MATERIAL PROVIDED >>
==============================

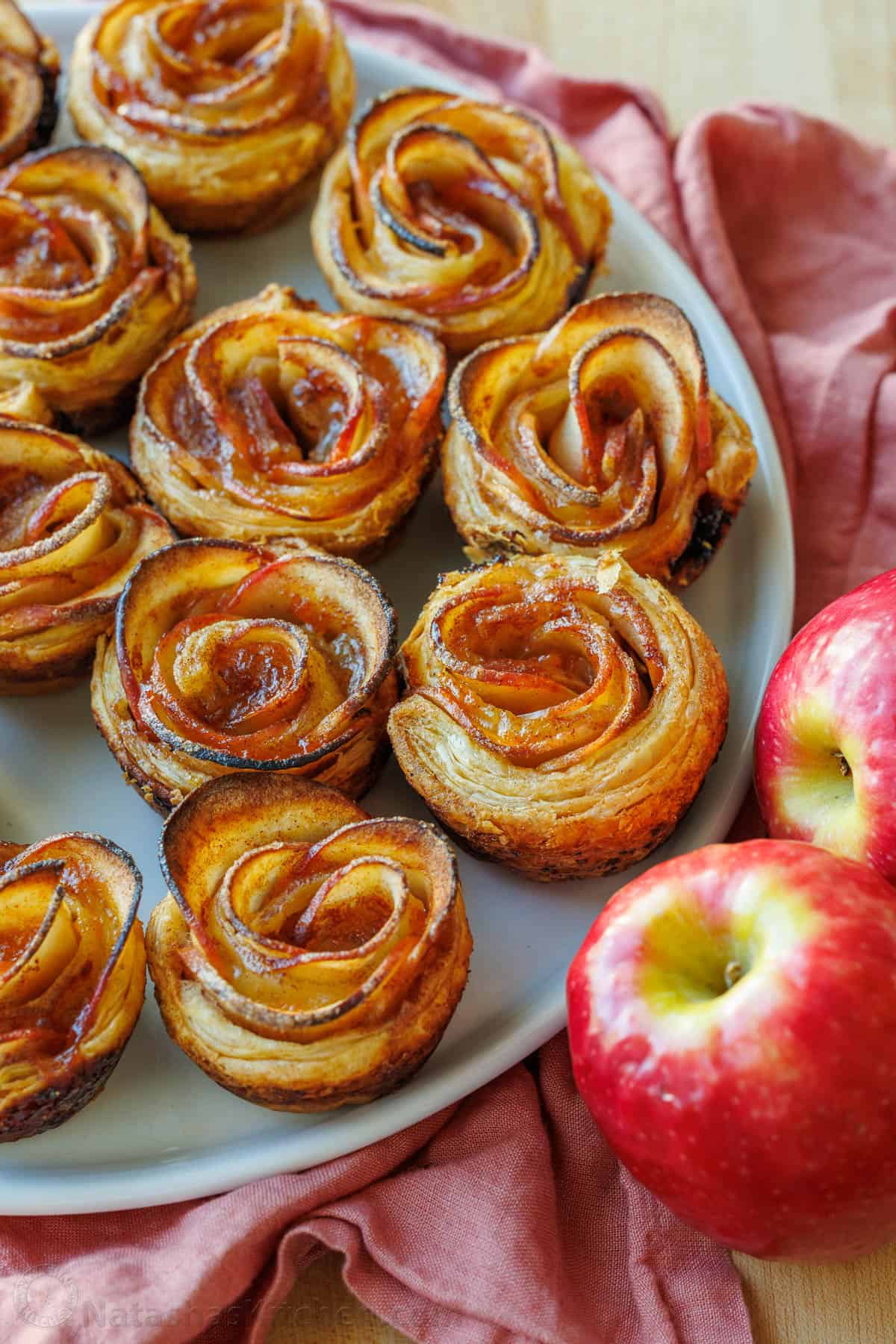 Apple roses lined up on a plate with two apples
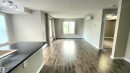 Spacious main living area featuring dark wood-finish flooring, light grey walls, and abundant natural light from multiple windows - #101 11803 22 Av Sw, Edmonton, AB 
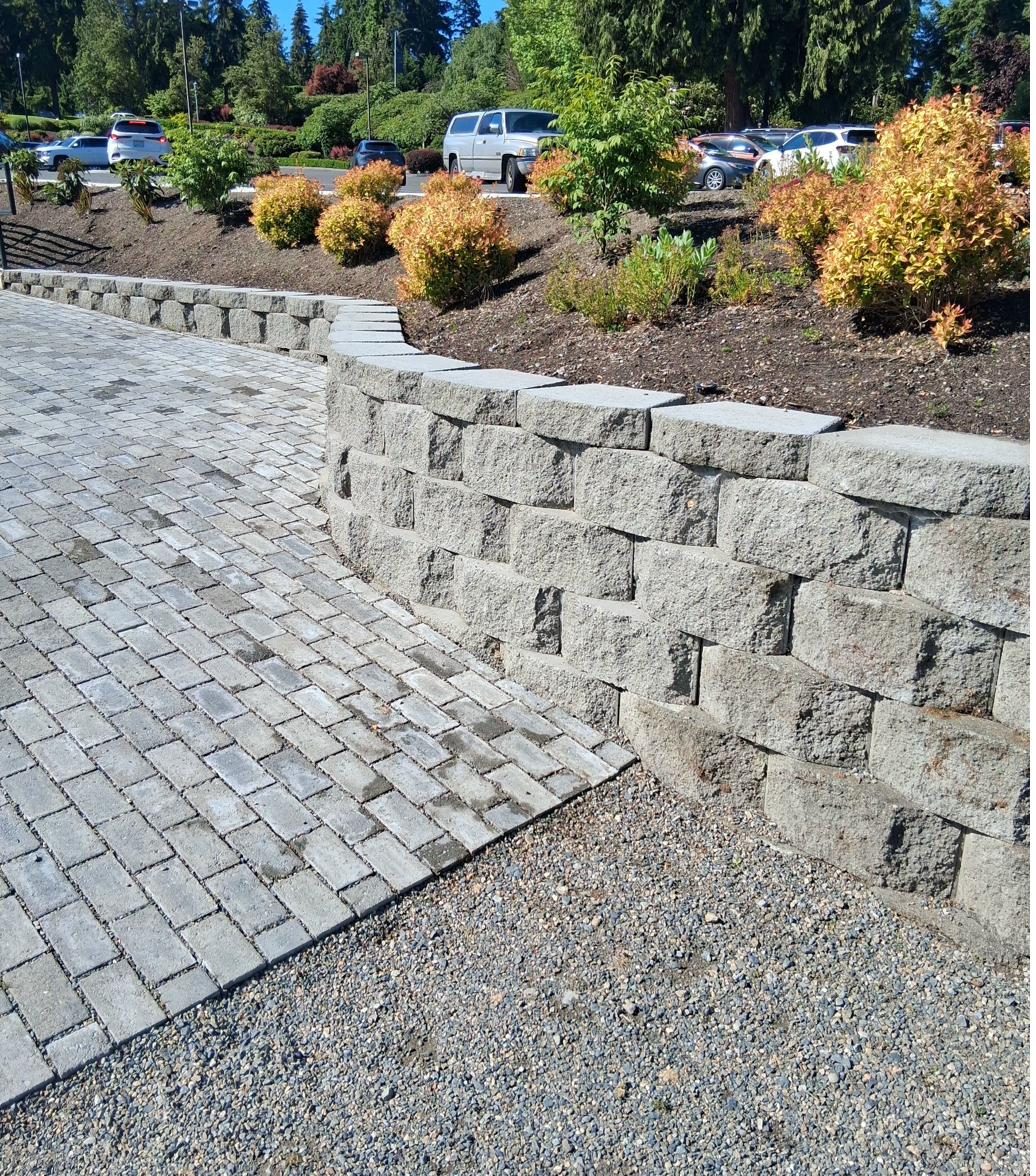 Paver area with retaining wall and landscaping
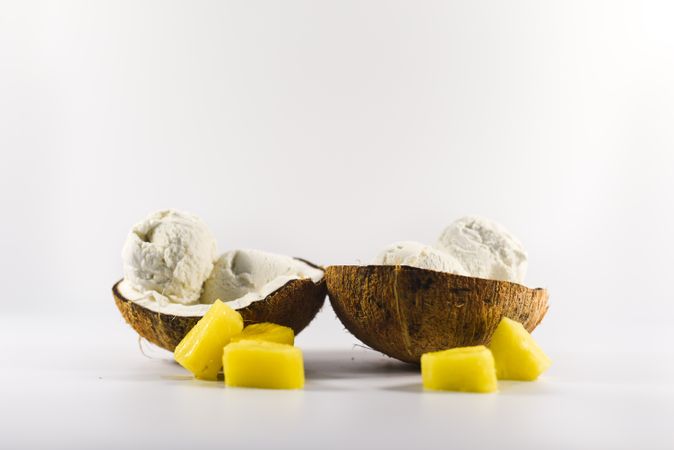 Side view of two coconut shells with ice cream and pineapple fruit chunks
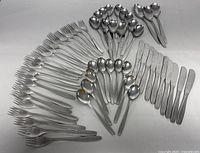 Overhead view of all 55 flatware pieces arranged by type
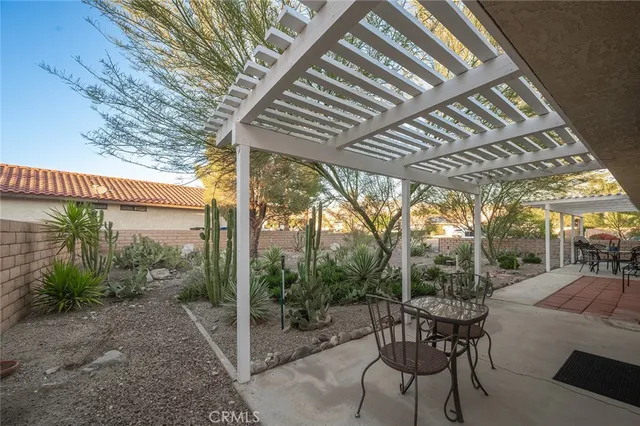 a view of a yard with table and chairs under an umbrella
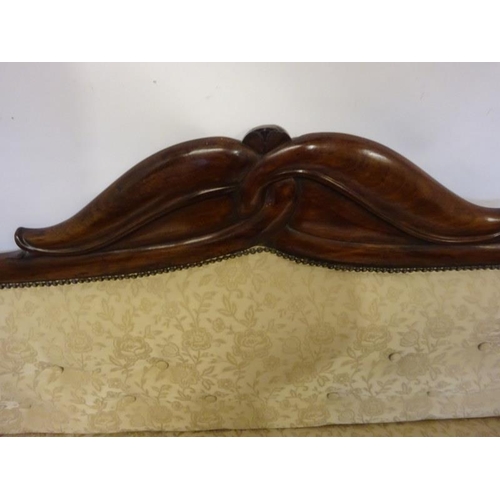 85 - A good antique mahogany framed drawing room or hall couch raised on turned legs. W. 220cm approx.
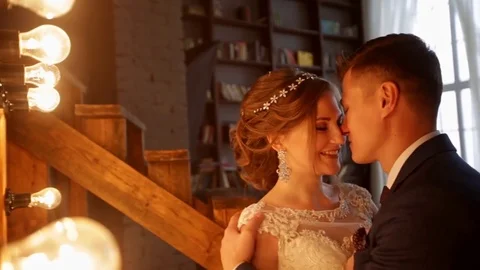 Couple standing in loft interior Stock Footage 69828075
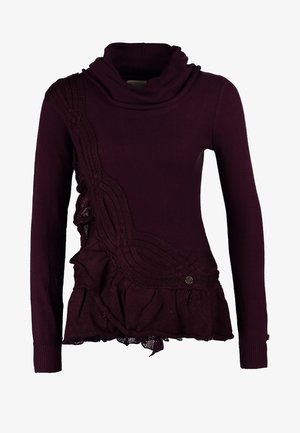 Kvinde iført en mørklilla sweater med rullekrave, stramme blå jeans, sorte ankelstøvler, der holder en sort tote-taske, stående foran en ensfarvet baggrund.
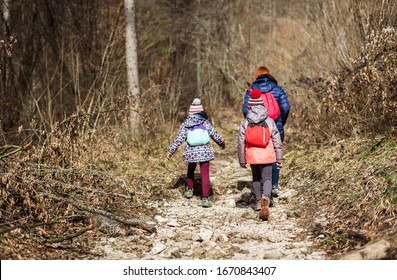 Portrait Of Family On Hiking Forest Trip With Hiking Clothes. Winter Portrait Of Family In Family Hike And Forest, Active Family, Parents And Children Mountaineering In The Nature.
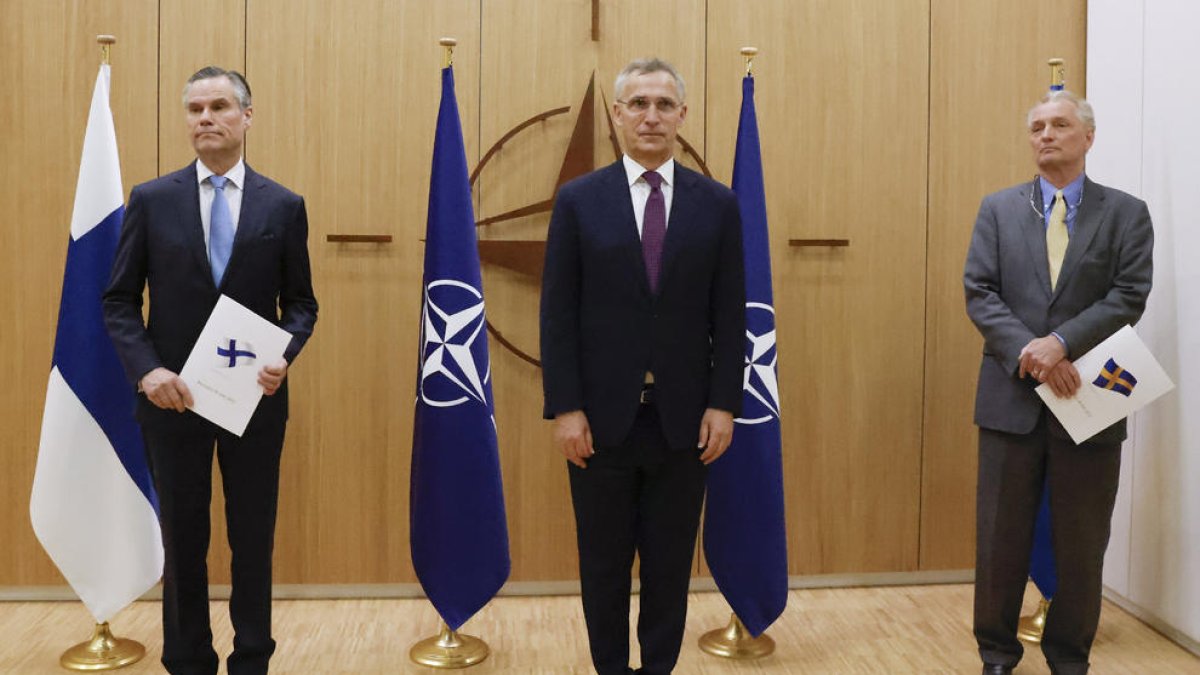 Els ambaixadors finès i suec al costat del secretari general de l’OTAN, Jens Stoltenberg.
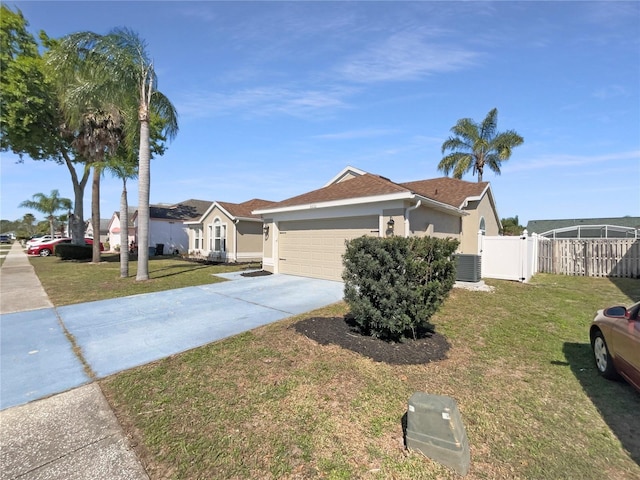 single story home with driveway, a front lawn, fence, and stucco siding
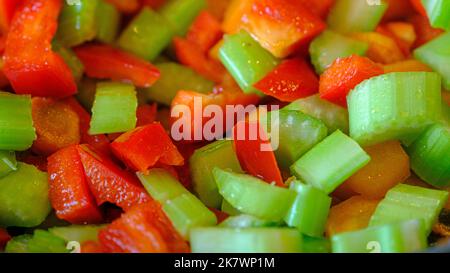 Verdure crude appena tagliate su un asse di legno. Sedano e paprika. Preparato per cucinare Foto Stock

==============================

PROBLEM DETAILS >>
From the line containing "Overhead view of" down to the final line of the records above, restate every line word for word, add nothing, and skip the pictures.

WORKED SOLUTION >>
 Overhead view of all 55 flatware pieces arranged by type
 a view of a yard with table and chairs under an umbrella
 85 - A good antique mahogany framed drawing room or hall couch raised on turned legs. W. 220cm approx.
 Couple standing in loft interior Stock Footage 69828075
 Kvinde iført en mørklilla sweater med rullekrave, stramme blå jeans, sorte ankelstøvler, der holder en sort tote-taske, stående foran en ensfarvet baggrund.
 Portrait Of Family On Hiking Forest Trip With Hiking Clothes. Winter Portrait Of Family In Family Hike And Forest, Active Family, Parents And Children Mountaineering In The Nature.
 Els ambaixadors finès i suec al costat del secretari general de l’OTAN, Jens Stoltenberg.
 single story home with driveway, a front lawn, fence, and stucco siding
 Verdure crude appena tagliate su un asse di legno. Sedano e paprika. Preparato per cucinare Foto Stock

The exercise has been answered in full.